Let $f:C- {0}$ $\longrightarrow C $ be analytic function such that for any closed contour $\gamma $ the line integral over $\gamma $ is $0$. Then which of the following are true?
(1)$ f $ has removal singularity at $0$
(2)$f $ can't have essential singularity at $0$
(3) There is a holomorphic function $F:C-{0}$$\longrightarrow C $ such that $F'(z)=f(z) $ for all $z\in C-{0} $
(4) There is a holomorphic function $F:C \longrightarrow C $ such that $F' (z)=f(z) $ for all $z$$\in C $
My try: I am unable to do rigorously. If $f $ has a pole at $0$ then the vector field $V= u-iv ; $where$ f=u+iv $ seems like all the vectors near to $0$ scales up. Physically say , I have nice fluid flow on some surface except at one hole through which external fluid enters and it's flow increases as the fluid is near to that point. So to divergence is not $0$ and hence the line integral along the closed contour is not $0$. So the pole can't be there at $0$.
If $f $ has essential singularity at $0$ then $lim f $ as $z \longrightarrow 0$ are different (in fact it takes any value of C) So it seems that there is a chaosnees in the vector filed $u-iv $ near to $0$ , So the Curl doesn't vanishes. So line integral $f $ on closed contour doesn't vanishes. So $f $ can have at most removal singularity at $0$. So option 1 and 2 are true.

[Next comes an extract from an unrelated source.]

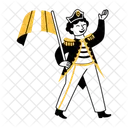 Parade Marching Band Character Icon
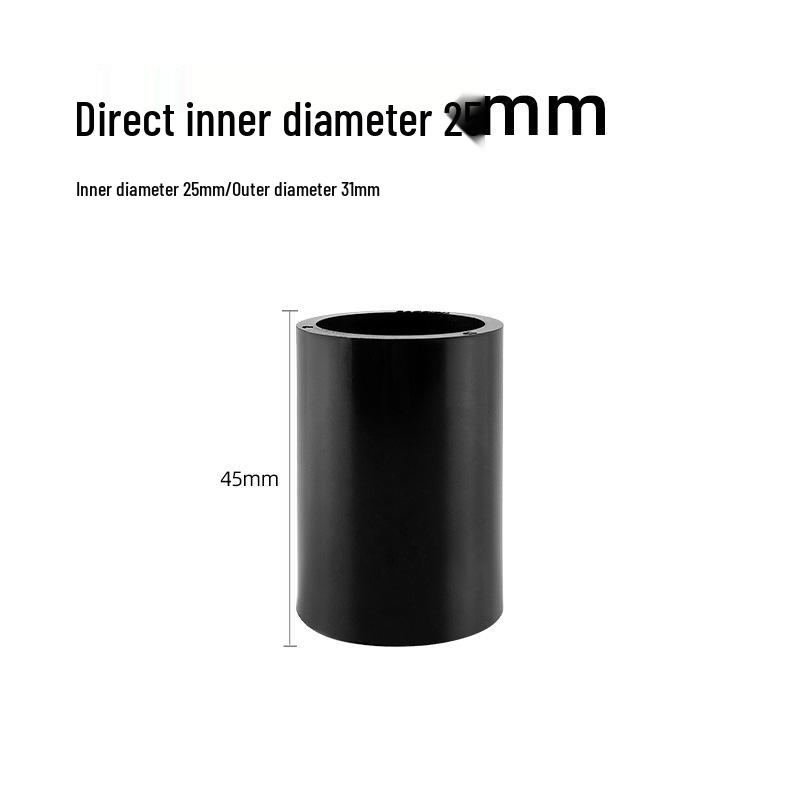 UPVC Fish Tank Plumbing Fittings: Hard Water Pipe Connector & Elbow Tee (Black)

(3) is true as $f $ is diffentiable implies $f'$ is so. (4)is true As $f $ has removal singularity so we can extend it to an holomorphic function to $C $ and then follow the argument of (3).
Am I correct? I need more rigorous answer or hint to convince myself.
(3) is indeed true, but your argument is wrong. You have to prove that $f$ has an antiderivative $F$ if $\int_\gamma f(z) \, dz = 0$ for any closed contour $\gamma$ in $\Bbb C \setminus \{ 0 \}$.
A correct argument would be to define $F$ in $\Bbb C \setminus \{ 0 \}$ as $$ F(z) = \int_{z_0}^z f(w) \, dw $$ where $z_0$ is fixed, and the integral is taken along any curve in $\Bbb C \setminus \{ 0 \}$ from $z_0$ to $z$. Then show that this definition is independent from the choice of the curve (so that $F$ is well-defined), and that $F' = f$.
The argument is in the wrong direction. If (4) is satisfied then $\int_\gamma f(z) \, dz = 0$ for any closed contour $\gamma$ in $\Bbb C \setminus \{ 0 \}$, but not the other way around.
In fact (1), (2) and (4) are wrong. As a counterexample take $f(z) = F'(z)$ where $F$ is any holomorphic function in $\Bbb C \setminus \{ 0 \}$ with an essential singularity at $z=0$, for example $$ f(z) = \left( e^{1/z}\right)' = -\frac{1}{z^2} e^{1/z} \, . $$
Then $\int_\gamma f(z) \, dz = 0$ for any closed contour $\gamma$ in $\Bbb C \setminus \{ 0 \}$ because $f$ is the derivative of $F$, but $f$ has an essential singularity at $z=0$.